REQUIREMENT: When you copy the entries, omit the images and keep every word as it is.

RECORD EXTRACTS:
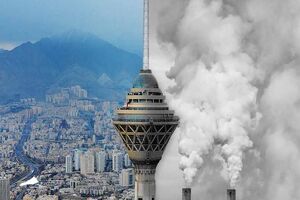 کیفیت هوای امروز تهران قابل قبول است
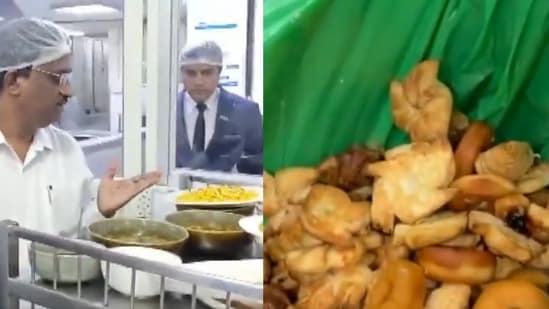 బెంగళూరులోని ఓ లగ్జరీ హోటల్లో తనిఖీలు.. (ANI videograb)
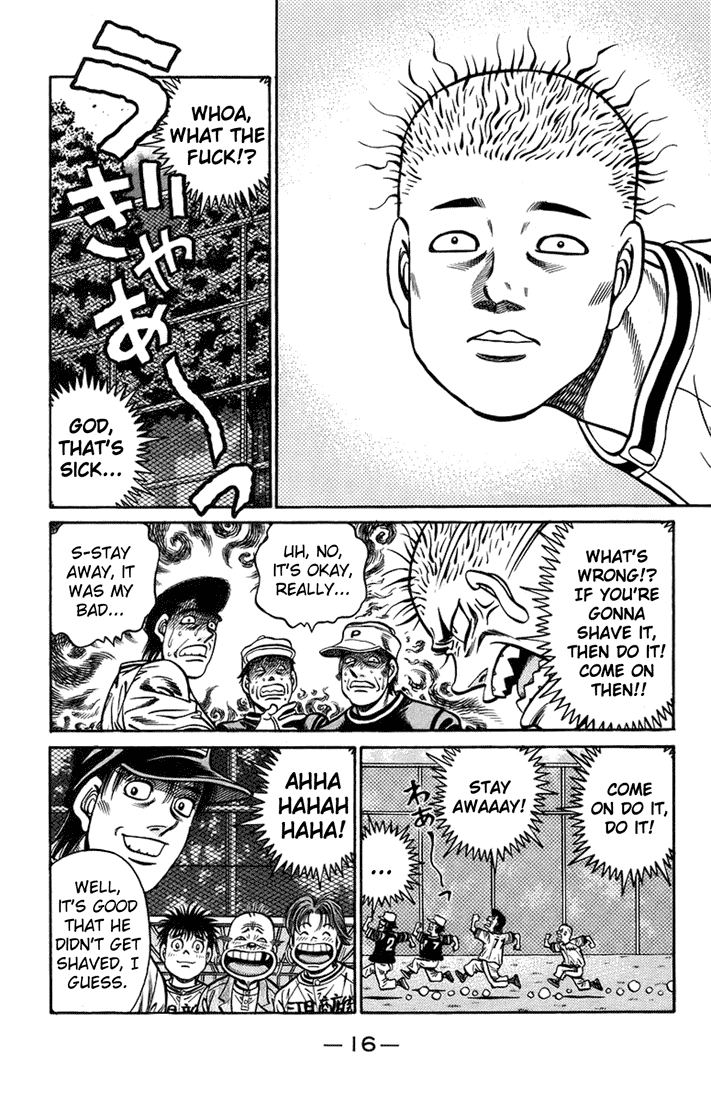 Read Hajime no Ippo Fighting Spirit EN Manga Online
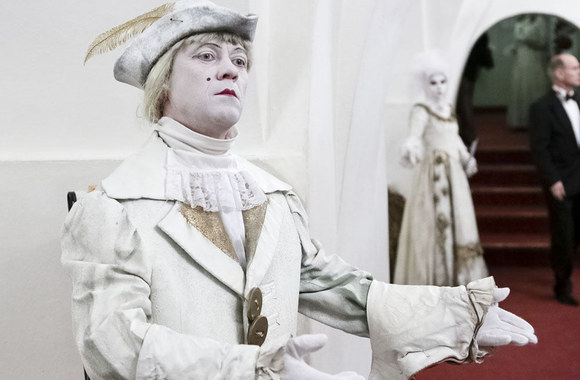 Labdaringo vakaro akimirka Kaune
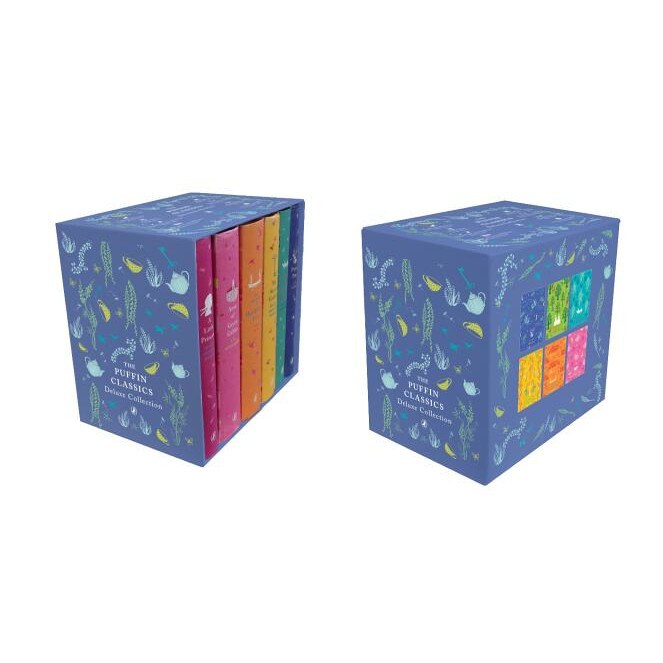 The Puffin Classics Deluxe Collection, Frances Hodgson Burnett (Author)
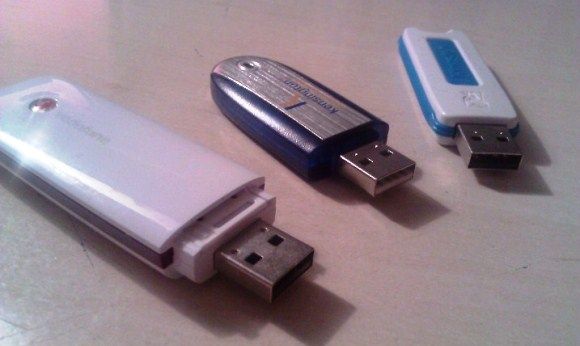 USB-порты слишком близко друг к другу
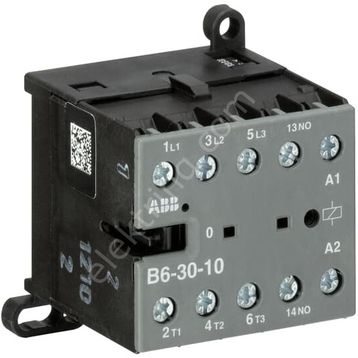 ABB GJL1211001R8100 B6-30-10 8A AC 1NA Mini Kontaktör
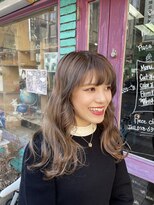 ピエスデシュブー(piece des cheveux)&nbsp;ミルクベージュグラデーション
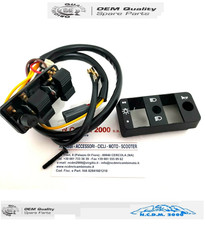 INTERRUTTORE COMMUTATORE LUCI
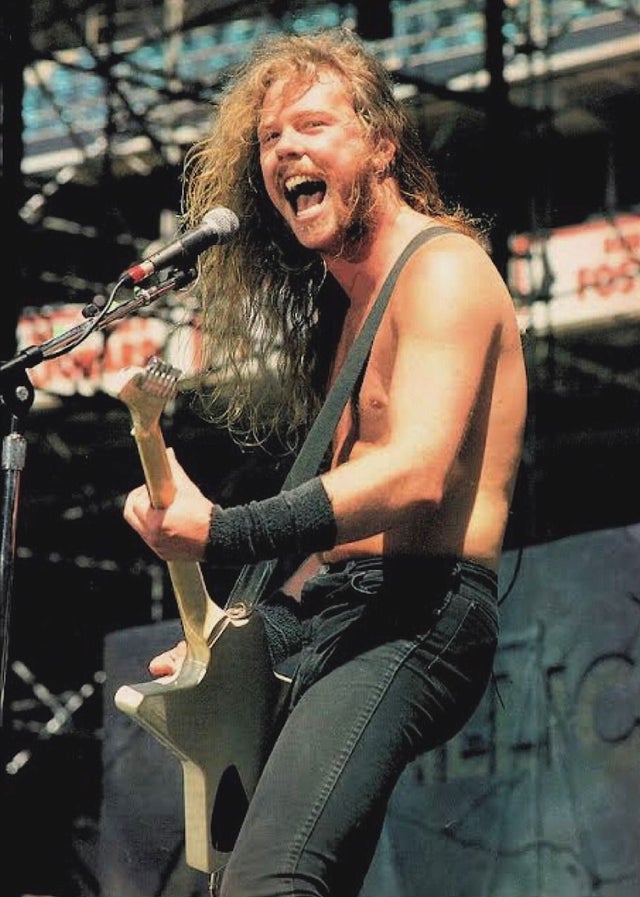 Happy 57th birthday to the legendary &amp; iconic James Hetfield. He is the co-founder, lead vocalist/rhythm guitarist &amp; main songwriter for Metallica &amp; has sold over 125 million albums worldwide. 🤘🤘

#Metallica #JamesHetfield #Metal #HEAVYMETAL <a href="/Metallica/">Metallica</a> #GOAT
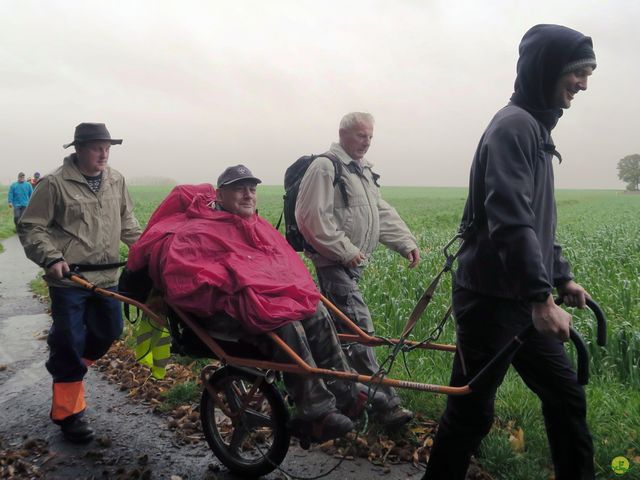 Randonnée joëlettes à Feluy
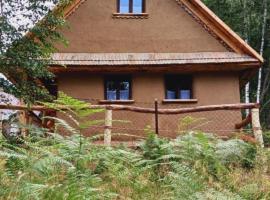 Slameniačik- domček zo slamy แคมป์ในKrn&aacute;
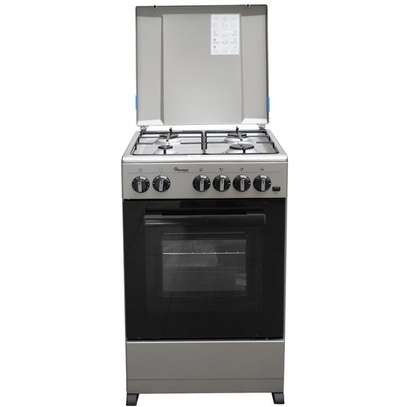 RAMTONS 4 GAS 50X50 ALL GAS COOKER SILVER - RF/356 image 1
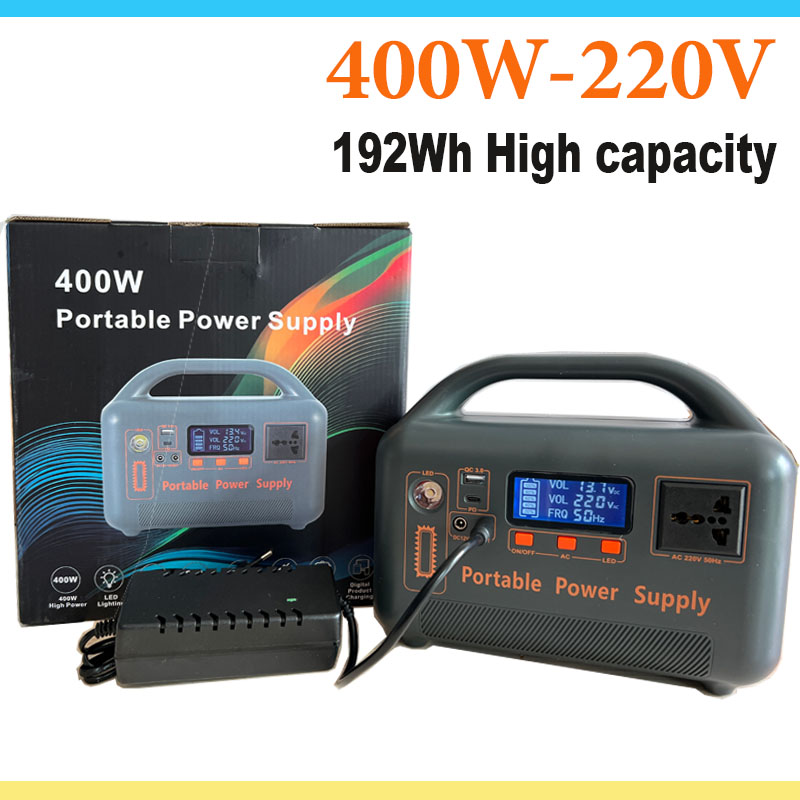 Outdoor Emergency Portable Pow - مراجعة Solar Emergency Charger وسعره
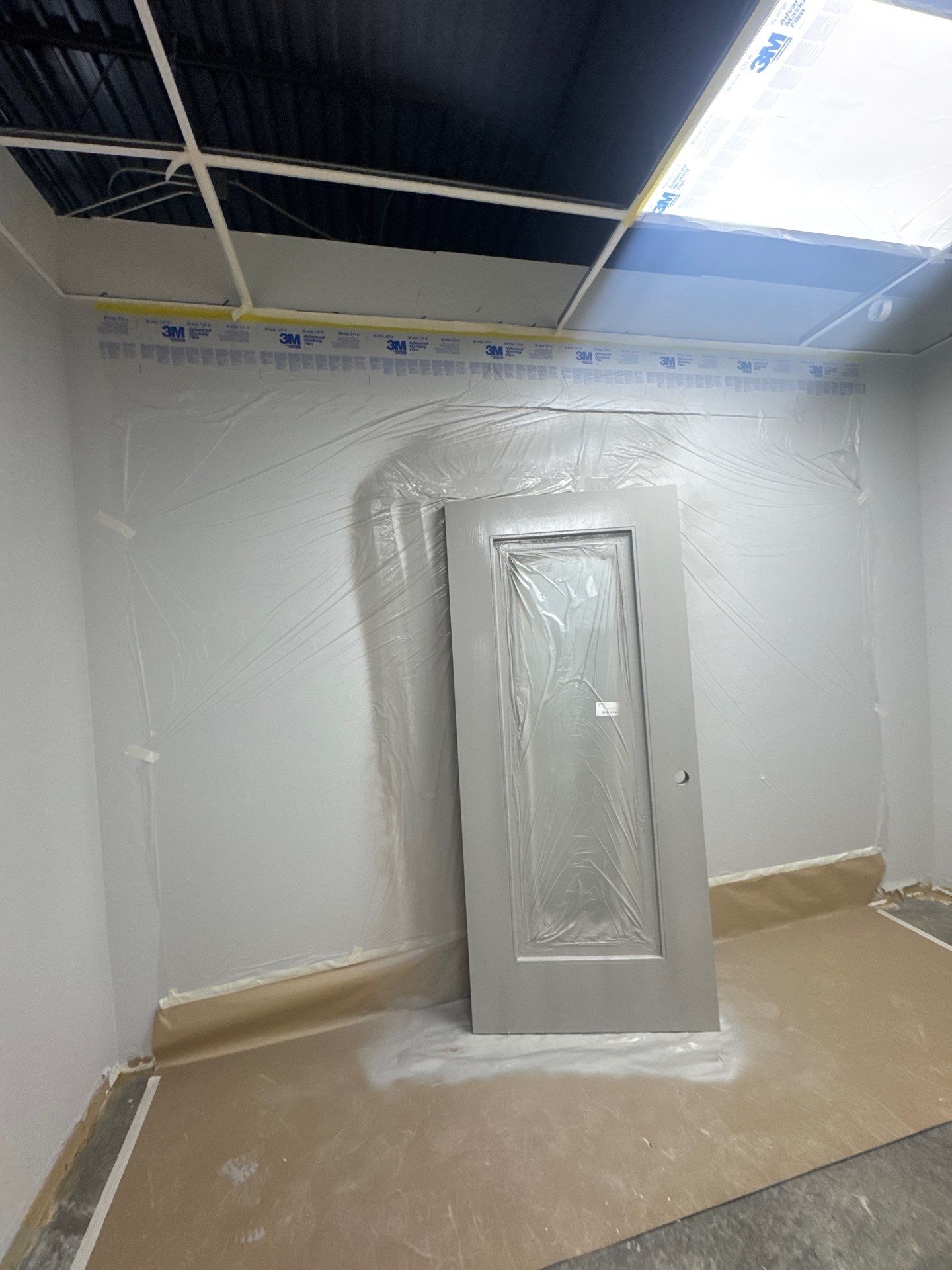 Commercial Interior Repaint by Midwest Paint LLC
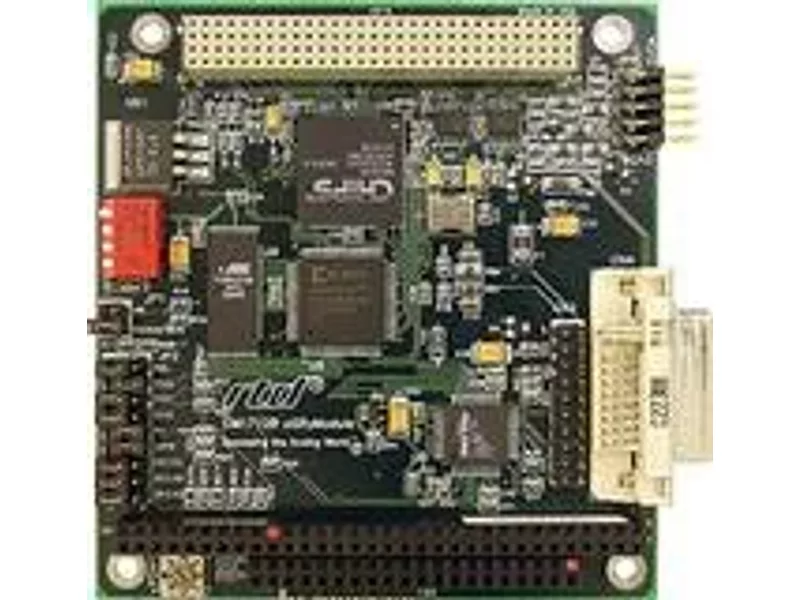 CM17120HR Плата видеоконтроллера с поддержкой плоских панелей DVI в формате PC/104-Plus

SOLUTION TO THIS EXERCISE:
 کیفیت هوای امروز تهران قابل قبول است
 బెంగళూరులోని ఓ లగ్జరీ హోటల్లో తనిఖీలు.. (ANI videograb)
 Read Hajime no Ippo Fighting Spirit EN Manga Online
 Labdaringo vakaro akimirka Kaune
 The Puffin Classics Deluxe Collection, Frances Hodgson Burnett (Author)
 USB-порты слишком близко друг к другу
 ABB GJL1211001R8100 B6-30-10 8A AC 1NA Mini Kontaktör
 ピエスデシュブー(piece des cheveux)&nbsp;ミルクベージュグラデーション
 INTERRUTTORE COMMUTATORE LUCI
 Happy 57th birthday to the legendary &amp; iconic James Hetfield. He is the co-founder, lead vocalist/rhythm guitarist &amp; main songwriter for Metallica &amp; has sold over 125 million albums worldwide. 🤘🤘

#Metallica #JamesHetfield #Metal #HEAVYMETAL <a href="/Metallica/">Metallica</a> #GOAT
 Randonnée joëlettes à Feluy
 Slameniačik- domček zo slamy แคมป์ในKrn&aacute;
 RAMTONS 4 GAS 50X50 ALL GAS COOKER SILVER - RF/356 image 1
 Outdoor Emergency Portable Pow - مراجعة Solar Emergency Charger وسعره
 Commercial Interior Repaint by Midwest Paint LLC
 CM17120HR Плата видеоконтроллера с поддержкой плоских панелей DVI в формате PC/104-Plus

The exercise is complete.